The helm values for the scale set can be found here. One thing you need to be careful about is the listenerTemplate.spec.containers[0] value. Even though you do not need to add any customizations, you need to make sure to at least declare the name of the listener container. If you do not do that, the listener and consequently, the runners, will not be created.

Because I set the minimum number of idle runners to 1, I can see the pod running and waiting to pick up a job:

The runner and the scale set are also displayed in the GitHub repo:

Testing the runners

As shown in the screenshot above, the name of the runner scale set coincides with the name of the Helm release from step 5. In order to run a job on self hosted runners, you need to mention the scale set name in the runs-on field inside the job declaration.

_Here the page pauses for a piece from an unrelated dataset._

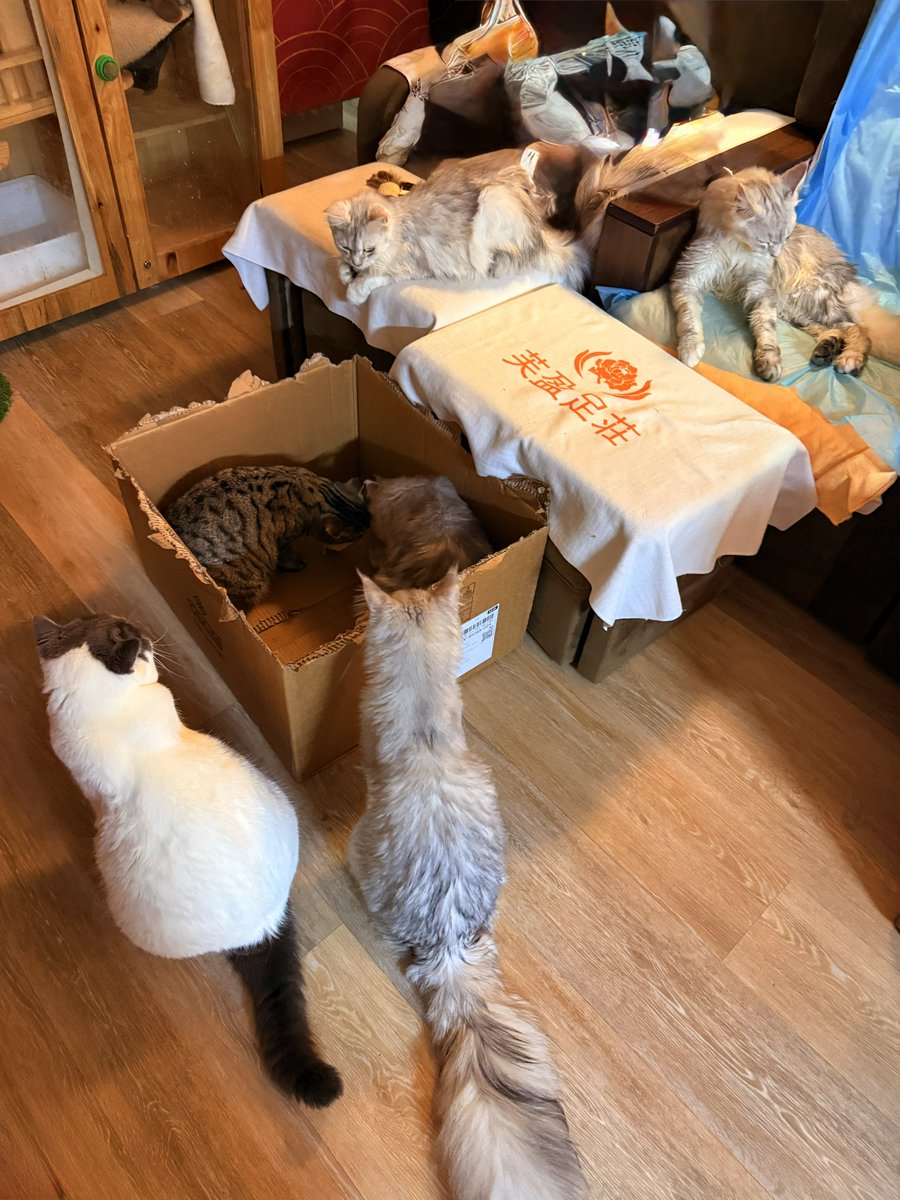 u3_reset's tweet photo. これ香港で出会った最高の猫マッサージ屋さん😭靴履き替えるところでまずくつろぐ猫、マッサージチェアを占拠する猫、お客さんにマッサージをする働き猫、ひたすらに寝る猫、箱に詰まる猫、猫、猫の猫パラダイスでマッサージが目的か猫が目的かわからんくなった　ヘブンズネコだった…有16只猫…謝謝🐈 https://t.co/IGRuHXaeDP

You can find a sample workflow file below used for deploying the infra hosting this website:

name: Infrastructure deployment workflow

on:
    workflow_dispatch:

permissions:
    id-token: write
    contents: read

env:
    AWS_REGION: "eu-west-1"
    TF_VERSION: "1.8.1"

jobs:
    infra-deployment:
        name: Infra deployment
        runs-on: arc-runner-set
        defaults:
          run:
            working-directory: ./infra

        steps:
        
        - name: Checkout repo
          uses: actions/checkout@v4

        - name: Configure AWS credentials
          uses: aws-actions/configure-aws-credentials@v3
          with:
            role-to-assume: arn:aws:iam::471112989739:role/website-deployment-role
            aws-region: ${{ env.AWS_REGION }}

        - name: Install node (needed because we run this on self hosted runner)
          uses: actions/setup-node@v4
          with:
            node-version: latest
            
        - name: Configure Terraform
          uses: hashicorp/setup-terraform@v3
          with:
            terraform_version: ${{ env.TF_VERSION }}

        - name: Terraform init
          run: terraform init

        - name: Terraform plan
          run: terraform plan

        - name: Terraform apply
          run: terraform apply -auto-approve

In the screenshot below you can see a successful run:

Monitoring the runners

The controller and listener pods metrics were enabled earlier. In order to scrape and visualize them, we can deploy and configure the kube-prometheus-stack which will deploy Prometheus and Grafana for us.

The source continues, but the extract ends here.